### Task prompt
Beginning with the first line of the data below, set down each line exactly through the line that contains "Building Photo - 10033 Whiteside Ln".
****
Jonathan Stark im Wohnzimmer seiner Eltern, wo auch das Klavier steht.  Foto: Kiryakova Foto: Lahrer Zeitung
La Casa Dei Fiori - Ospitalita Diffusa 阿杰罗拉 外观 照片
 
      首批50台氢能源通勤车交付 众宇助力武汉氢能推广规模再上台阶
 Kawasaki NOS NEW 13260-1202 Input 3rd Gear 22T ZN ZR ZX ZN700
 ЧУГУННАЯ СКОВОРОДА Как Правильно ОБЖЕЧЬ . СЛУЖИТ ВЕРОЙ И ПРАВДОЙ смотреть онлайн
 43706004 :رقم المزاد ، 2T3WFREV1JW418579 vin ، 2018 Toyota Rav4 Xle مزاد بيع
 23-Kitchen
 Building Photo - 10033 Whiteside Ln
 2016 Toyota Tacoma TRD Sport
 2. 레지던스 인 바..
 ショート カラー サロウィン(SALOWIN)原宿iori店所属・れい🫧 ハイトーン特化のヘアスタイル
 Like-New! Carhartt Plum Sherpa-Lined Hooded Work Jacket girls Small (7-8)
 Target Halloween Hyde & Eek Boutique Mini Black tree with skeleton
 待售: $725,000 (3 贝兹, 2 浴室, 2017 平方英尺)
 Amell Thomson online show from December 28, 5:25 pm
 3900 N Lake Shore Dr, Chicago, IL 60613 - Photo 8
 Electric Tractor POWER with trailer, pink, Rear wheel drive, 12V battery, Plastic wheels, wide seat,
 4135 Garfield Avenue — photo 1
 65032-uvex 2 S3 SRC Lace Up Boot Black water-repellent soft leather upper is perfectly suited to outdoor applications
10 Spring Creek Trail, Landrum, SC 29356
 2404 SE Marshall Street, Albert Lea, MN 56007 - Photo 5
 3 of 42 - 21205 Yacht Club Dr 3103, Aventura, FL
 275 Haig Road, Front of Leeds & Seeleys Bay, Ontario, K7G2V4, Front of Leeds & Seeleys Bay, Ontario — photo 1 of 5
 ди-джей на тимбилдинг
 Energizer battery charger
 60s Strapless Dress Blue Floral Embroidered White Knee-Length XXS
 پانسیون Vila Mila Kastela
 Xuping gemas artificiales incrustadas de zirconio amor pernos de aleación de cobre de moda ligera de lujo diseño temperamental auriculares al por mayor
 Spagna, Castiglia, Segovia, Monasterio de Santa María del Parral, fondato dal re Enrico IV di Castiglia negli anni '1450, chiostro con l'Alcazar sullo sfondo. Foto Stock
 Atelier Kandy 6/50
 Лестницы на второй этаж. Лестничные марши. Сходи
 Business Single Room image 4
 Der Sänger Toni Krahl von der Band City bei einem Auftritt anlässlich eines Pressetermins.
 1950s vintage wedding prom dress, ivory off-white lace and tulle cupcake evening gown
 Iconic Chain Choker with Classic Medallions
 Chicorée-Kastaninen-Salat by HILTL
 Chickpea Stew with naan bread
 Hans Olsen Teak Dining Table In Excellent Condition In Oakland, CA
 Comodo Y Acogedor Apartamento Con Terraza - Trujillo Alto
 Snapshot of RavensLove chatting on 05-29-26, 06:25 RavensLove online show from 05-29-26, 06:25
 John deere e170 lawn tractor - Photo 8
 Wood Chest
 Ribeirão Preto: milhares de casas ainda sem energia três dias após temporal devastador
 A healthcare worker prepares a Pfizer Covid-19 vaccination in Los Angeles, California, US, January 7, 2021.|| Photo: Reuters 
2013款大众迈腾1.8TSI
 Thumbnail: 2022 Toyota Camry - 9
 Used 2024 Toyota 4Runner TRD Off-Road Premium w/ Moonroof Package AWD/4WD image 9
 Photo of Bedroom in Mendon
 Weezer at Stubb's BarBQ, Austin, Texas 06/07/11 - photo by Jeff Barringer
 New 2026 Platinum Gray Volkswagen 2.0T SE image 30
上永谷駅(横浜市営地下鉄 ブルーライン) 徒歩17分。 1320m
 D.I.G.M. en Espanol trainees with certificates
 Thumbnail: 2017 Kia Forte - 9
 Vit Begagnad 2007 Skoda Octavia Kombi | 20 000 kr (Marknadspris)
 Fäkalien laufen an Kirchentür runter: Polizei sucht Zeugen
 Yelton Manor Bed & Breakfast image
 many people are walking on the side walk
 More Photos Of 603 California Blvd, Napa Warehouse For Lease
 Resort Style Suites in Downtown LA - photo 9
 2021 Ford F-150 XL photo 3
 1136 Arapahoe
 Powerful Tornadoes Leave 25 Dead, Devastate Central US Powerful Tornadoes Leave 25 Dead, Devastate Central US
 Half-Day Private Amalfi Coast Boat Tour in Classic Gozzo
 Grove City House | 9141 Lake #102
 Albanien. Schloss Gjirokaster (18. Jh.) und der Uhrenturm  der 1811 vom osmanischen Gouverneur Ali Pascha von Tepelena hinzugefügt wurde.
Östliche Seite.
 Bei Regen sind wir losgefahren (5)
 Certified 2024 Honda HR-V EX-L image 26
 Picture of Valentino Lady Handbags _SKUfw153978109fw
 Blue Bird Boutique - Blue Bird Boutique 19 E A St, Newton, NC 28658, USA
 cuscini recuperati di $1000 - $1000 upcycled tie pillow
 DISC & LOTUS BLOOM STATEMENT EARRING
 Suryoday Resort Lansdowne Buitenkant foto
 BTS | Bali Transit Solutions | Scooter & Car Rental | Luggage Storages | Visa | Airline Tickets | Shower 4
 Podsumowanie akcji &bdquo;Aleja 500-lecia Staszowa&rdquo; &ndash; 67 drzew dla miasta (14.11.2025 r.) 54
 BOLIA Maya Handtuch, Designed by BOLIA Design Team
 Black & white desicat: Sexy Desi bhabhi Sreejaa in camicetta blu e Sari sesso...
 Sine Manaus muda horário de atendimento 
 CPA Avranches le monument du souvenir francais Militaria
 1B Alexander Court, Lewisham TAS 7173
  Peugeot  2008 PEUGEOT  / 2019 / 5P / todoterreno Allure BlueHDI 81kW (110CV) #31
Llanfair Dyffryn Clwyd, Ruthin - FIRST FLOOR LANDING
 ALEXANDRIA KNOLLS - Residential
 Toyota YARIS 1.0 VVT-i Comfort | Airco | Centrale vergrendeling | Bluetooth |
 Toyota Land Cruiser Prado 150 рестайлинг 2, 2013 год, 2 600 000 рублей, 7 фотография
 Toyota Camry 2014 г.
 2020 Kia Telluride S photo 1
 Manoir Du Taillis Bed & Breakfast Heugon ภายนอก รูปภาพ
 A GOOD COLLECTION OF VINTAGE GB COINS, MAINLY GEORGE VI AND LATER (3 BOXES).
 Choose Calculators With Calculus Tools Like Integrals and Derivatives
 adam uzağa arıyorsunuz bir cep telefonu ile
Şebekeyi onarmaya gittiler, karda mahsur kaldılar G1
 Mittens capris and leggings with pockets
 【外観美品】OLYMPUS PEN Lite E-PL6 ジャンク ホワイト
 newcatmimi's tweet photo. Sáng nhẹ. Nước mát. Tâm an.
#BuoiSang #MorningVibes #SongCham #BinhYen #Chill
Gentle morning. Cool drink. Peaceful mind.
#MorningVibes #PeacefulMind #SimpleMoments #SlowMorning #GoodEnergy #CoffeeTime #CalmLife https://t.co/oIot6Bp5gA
****
### Problem solution
Jonathan Stark im Wohnzimmer seiner Eltern, wo auch das Klavier steht.  Foto: Kiryakova Foto: Lahrer Zeitung
La Casa Dei Fiori - Ospitalita Diffusa 阿杰罗拉 外观 照片
 
      首批50台氢能源通勤车交付 众宇助力武汉氢能推广规模再上台阶
 Kawasaki NOS NEW 13260-1202 Input 3rd Gear 22T ZN ZR ZX ZN700
 ЧУГУННАЯ СКОВОРОДА Как Правильно ОБЖЕЧЬ . СЛУЖИТ ВЕРОЙ И ПРАВДОЙ смотреть онлайн
 43706004 :رقم المزاد ، 2T3WFREV1JW418579 vin ، 2018 Toyota Rav4 Xle مزاد بيع
 23-Kitchen
 Building Photo - 10033 Whiteside Ln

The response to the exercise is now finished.